Image-text web data
________

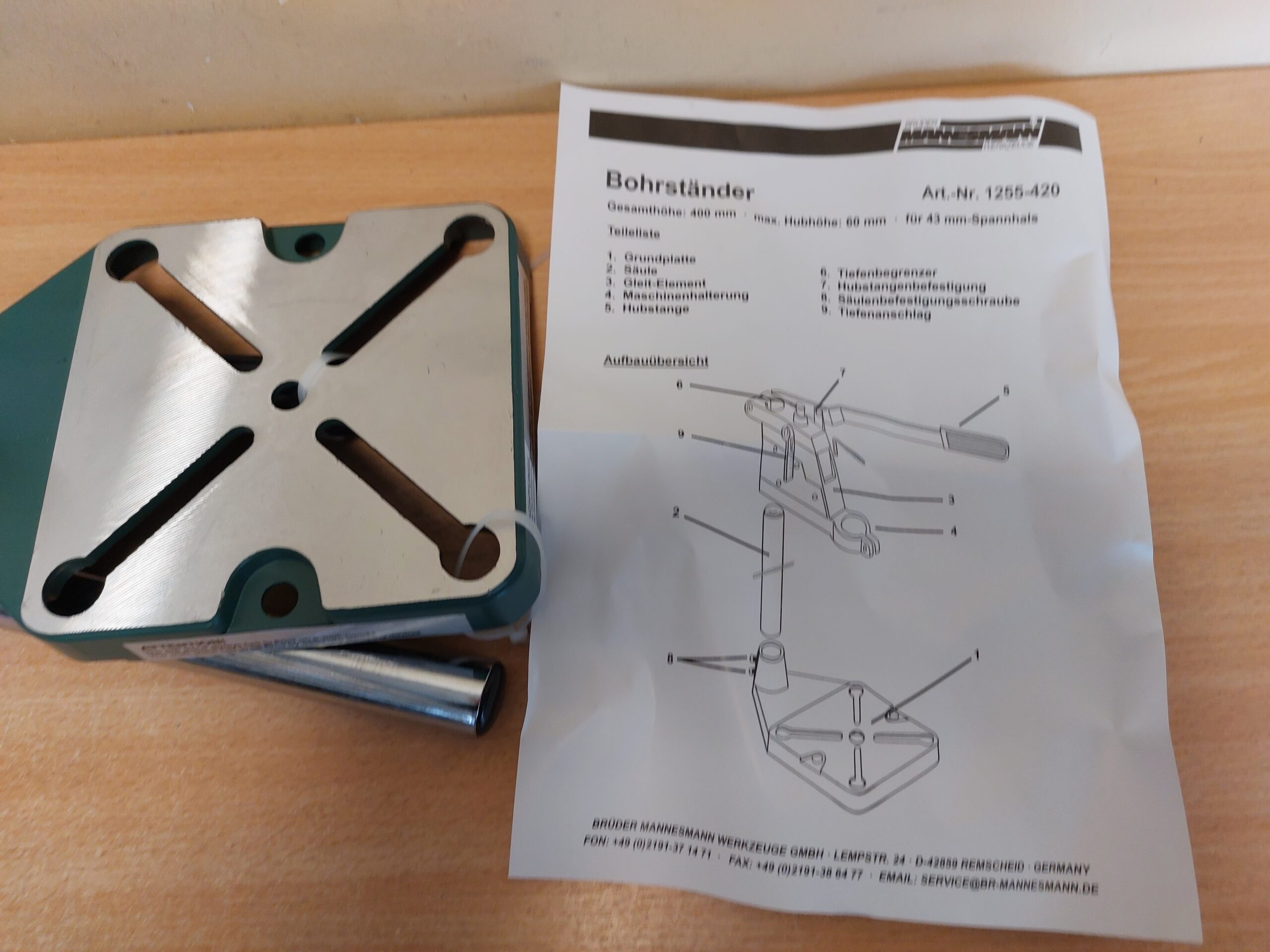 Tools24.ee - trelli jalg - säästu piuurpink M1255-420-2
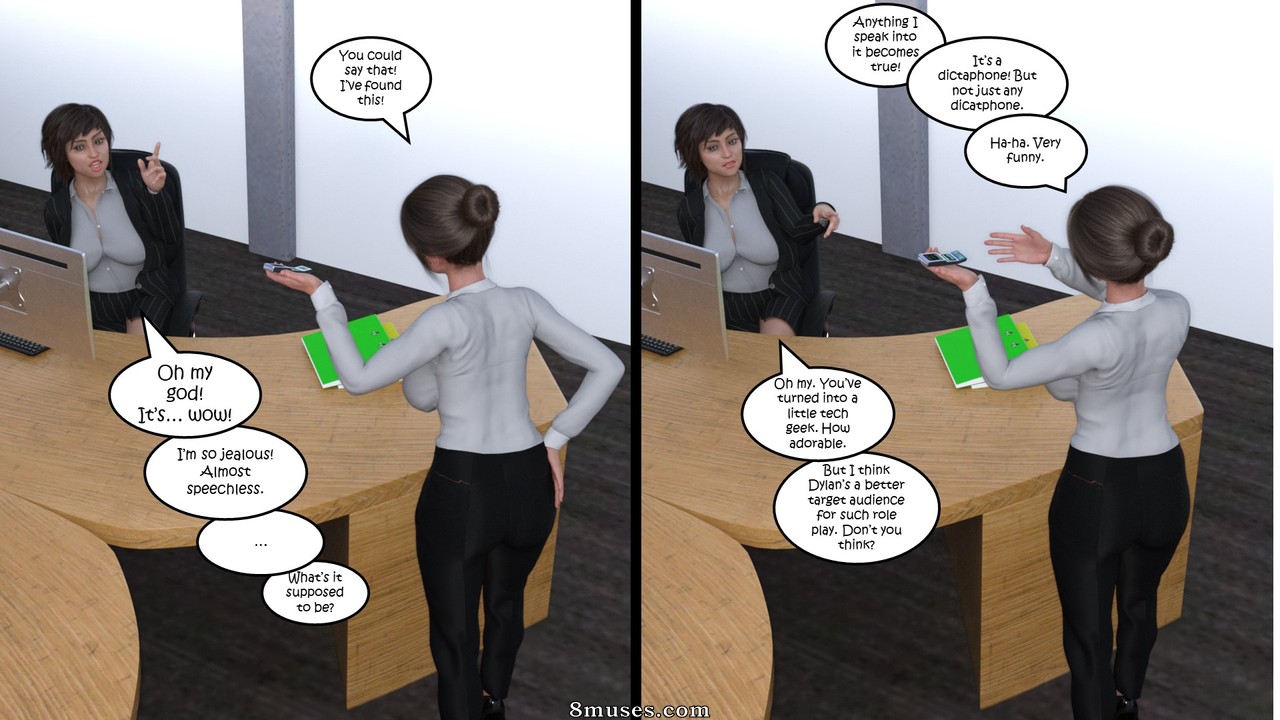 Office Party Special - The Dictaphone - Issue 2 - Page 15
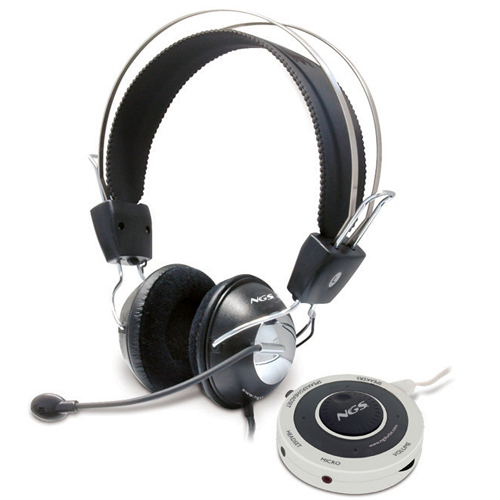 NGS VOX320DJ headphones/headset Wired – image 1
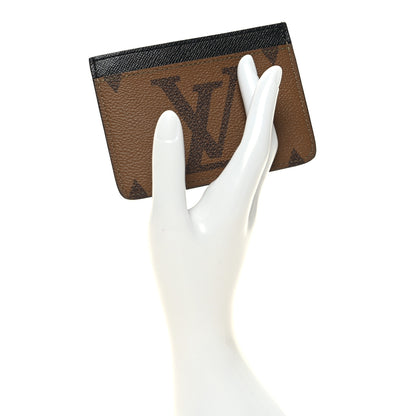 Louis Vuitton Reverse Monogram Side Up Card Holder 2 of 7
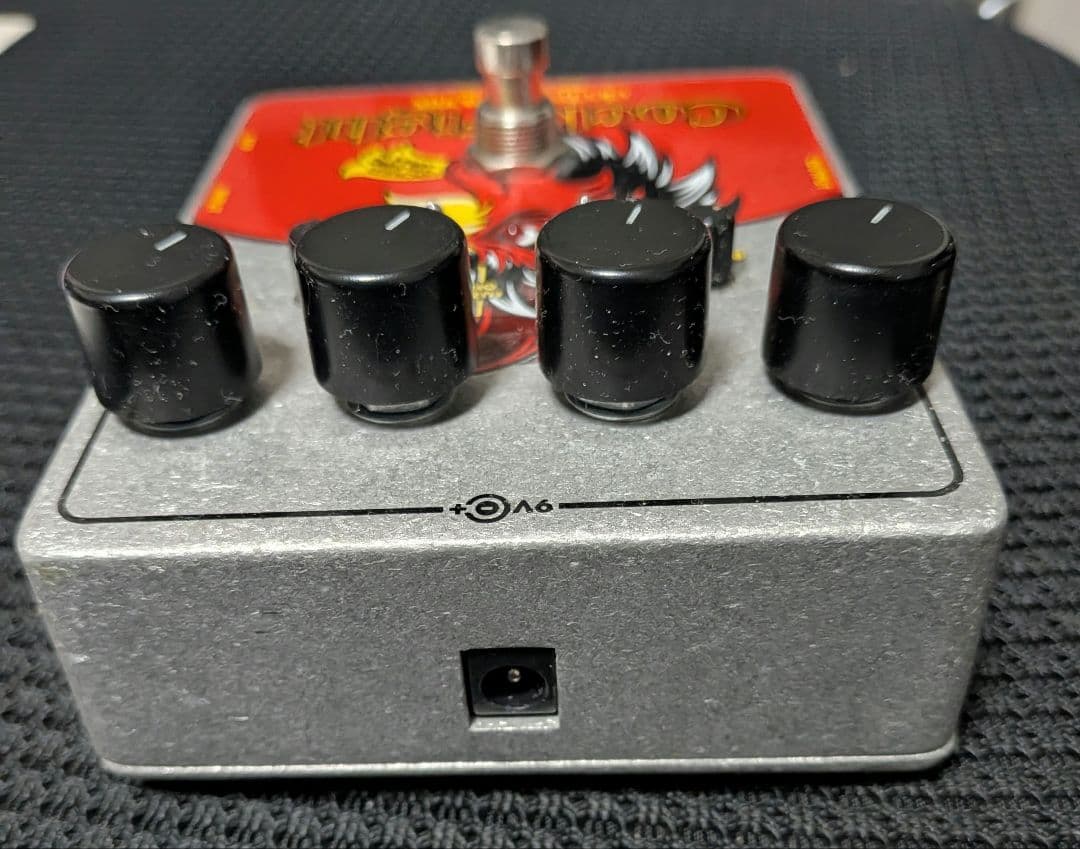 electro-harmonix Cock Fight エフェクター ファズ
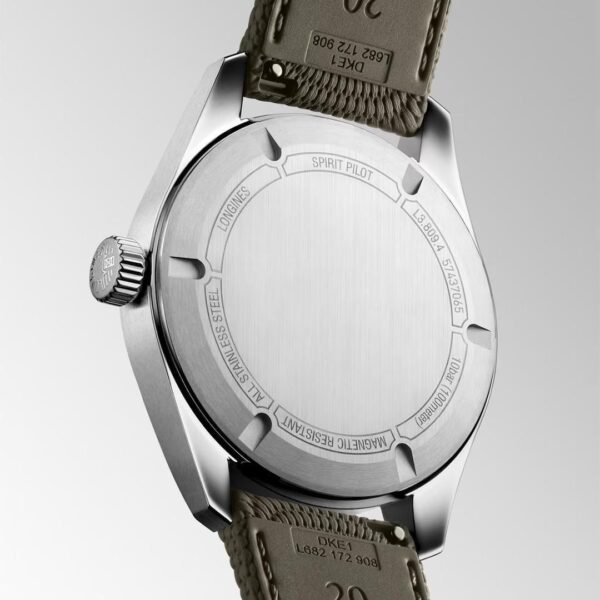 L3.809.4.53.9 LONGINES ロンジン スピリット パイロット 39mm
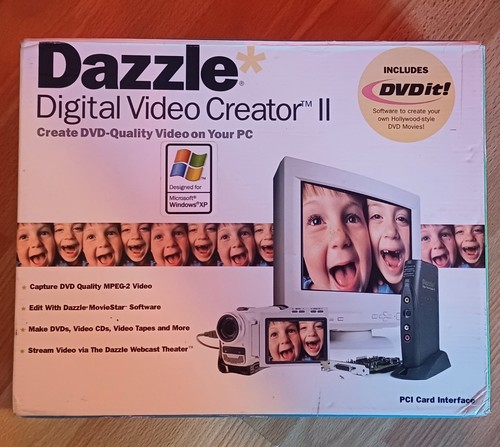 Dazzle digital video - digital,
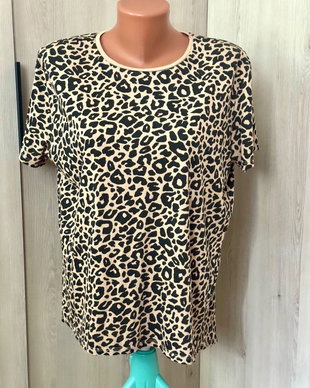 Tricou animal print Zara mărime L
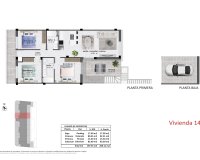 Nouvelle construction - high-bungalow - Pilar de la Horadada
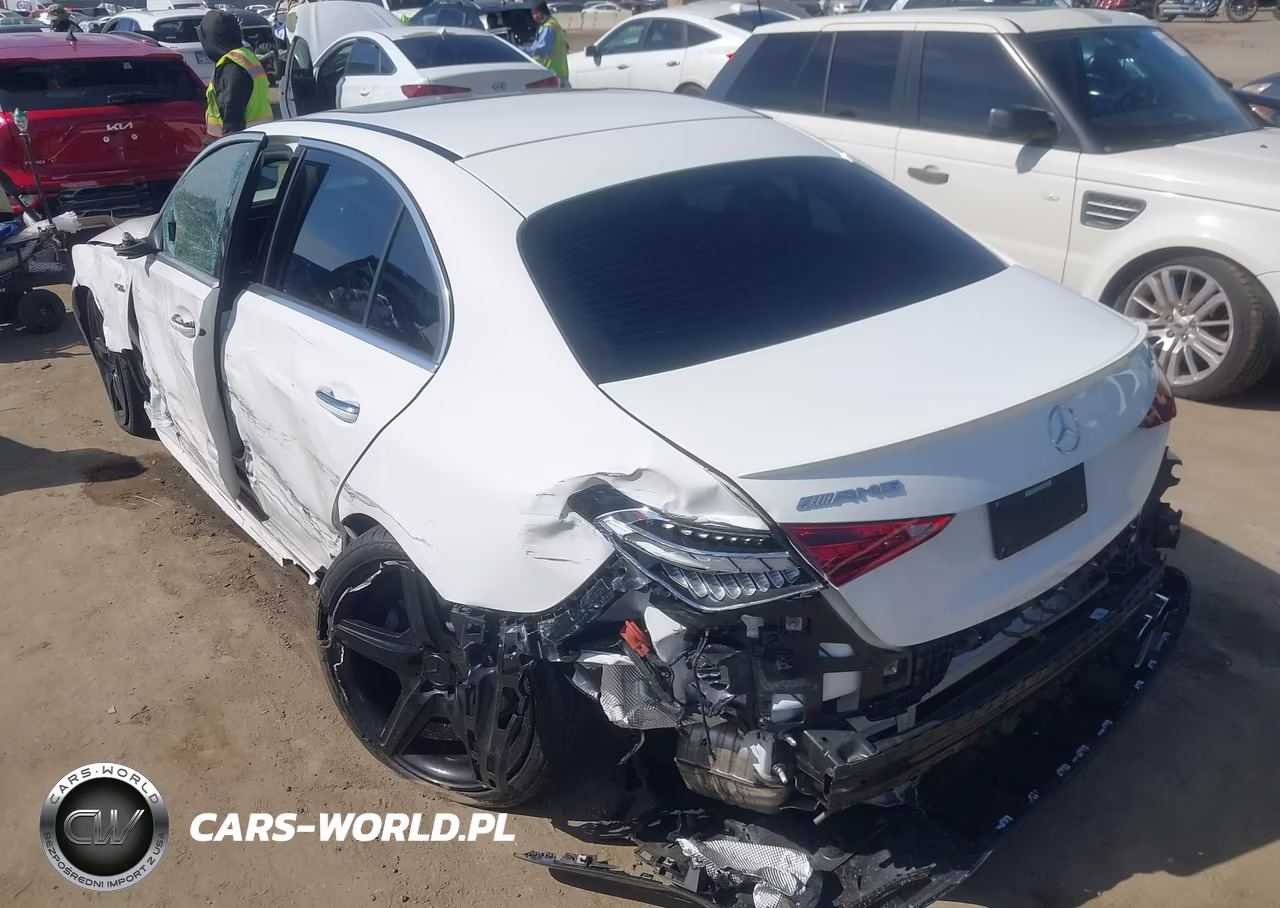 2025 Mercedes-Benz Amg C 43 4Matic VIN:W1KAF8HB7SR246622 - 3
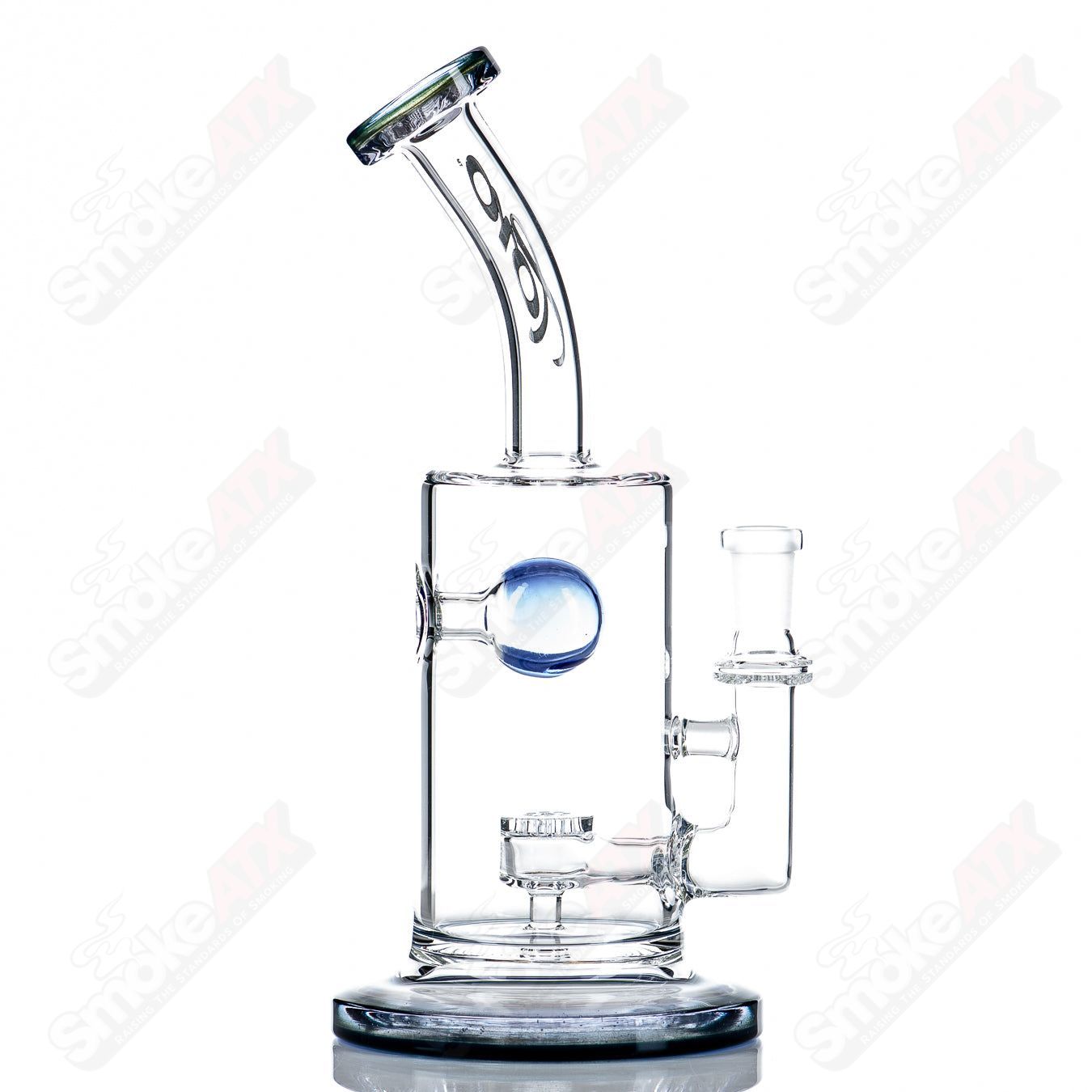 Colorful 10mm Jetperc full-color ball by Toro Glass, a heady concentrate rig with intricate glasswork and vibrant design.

________

# [What to produce]
The entries above need to be printed again exactly; please exclude all pictures.

# [Output]
 Tools24.ee - trelli jalg - säästu piuurpink M1255-420-2
 Office Party Special - The Dictaphone - Issue 2 - Page 15
 NGS VOX320DJ headphones/headset Wired – image 1
 Louis Vuitton Reverse Monogram Side Up Card Holder 2 of 7
 electro-harmonix Cock Fight エフェクター ファズ
 L3.809.4.53.9 LONGINES ロンジン スピリット パイロット 39mm
 Dazzle digital video - digital,
 Tricou animal print Zara mărime L
 Nouvelle construction - high-bungalow - Pilar de la Horadada
 2025 Mercedes-Benz Amg C 43 4Matic VIN:W1KAF8HB7SR246622 - 3
 Colorful 10mm Jetperc full-color ball by Toro Glass, a heady concentrate rig with intricate glasswork and vibrant design.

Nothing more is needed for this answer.